Walker had stipulated in her will that after Lelia’s death the house should go to the NAACP, but the property taxes and the costs associated with a house of that size were too much for the organization to shoulder and the house was sold in 1932. It then became a retirement home for 40 years.
“Thankfully, [the retirement home owner] did not make a lot of alterations to the building,” Leggs, of the Historic Trust, said. But they didn’t necessarily keep up the home either.
“I cried,” said Doley, remembering the first time she set foot on the property, which her husband, the former US ambassador to the African Bank Development Fund, was committed to saving. “The front portico was taking on water like a swimming pool. The plumbing didn’t work — forget about any modern conveniences. The house was overridden with rats, with insects of all kinds. There were squirrels in the wall; the chimney was wide open, so animals were getting in.”
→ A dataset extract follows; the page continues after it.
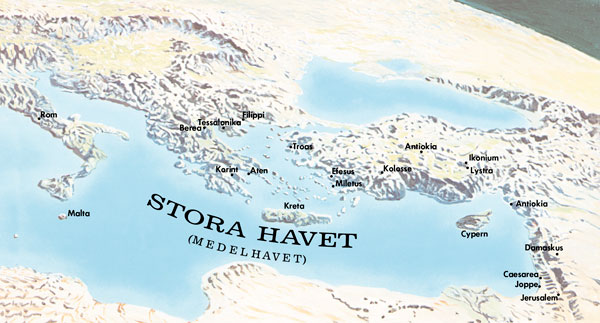 Karta över platser som Paulus och Timoteus besökte.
And while the original lighting fixtures, moldings and architectural elements remained, almost none of Madam’s furnishings survived. “Lelia was not as astute about the business as her mom,” said Doley. While she managed to keep the company afloat, the Depression meant that sales were down, and Lelia auctioned off many of Villa Lewaro’s treasures — Walker’s collection of rare books, her prized piano and her bone china from England were sold for pittance. The Estey organ is still in place.
The Doleys upgraded the house’s mechanical, electrical, heating and plumbing systems. They reconstructed the terra cotta roof with materials from the original manufacturer and restored the wall paintings in the dining and music rooms.
“It is this enormous responsibility,” said Doley, who added that she was at first resistant to moving into the Villa with her husband and then-teenage son. “How does one live in a house like this, and how does one share it with the community and still have a life, a personal life? It’s been overwhelming, and it took years to accept it.”
Now, Doley loves mansion, where she’s hosted family members’ weddings and celebrated her 60th birthday, but she and her husband, are ready to downsize. The couple worked with the National Trust to have the property designated as a National Treasure in 2014. And now they are trying to find new uses for the space, such as a spa and salon, a corporate retreat center, an events space or a private residence. The National Trust for Historic Preservation is looking to procure an easement to monitor the property and protect it from any structural changes while they seek options to preserve the house as a public monument to Walker’s legacy.
“We would hope that whatever is decided that it’s open to the larger community, so that they can come and appreciate her and what she’s done,” said Doley. “African-Americans have been contributing to the culture and growth and betterment of the country for a long time. It’s just that we’ve been written out of history books.”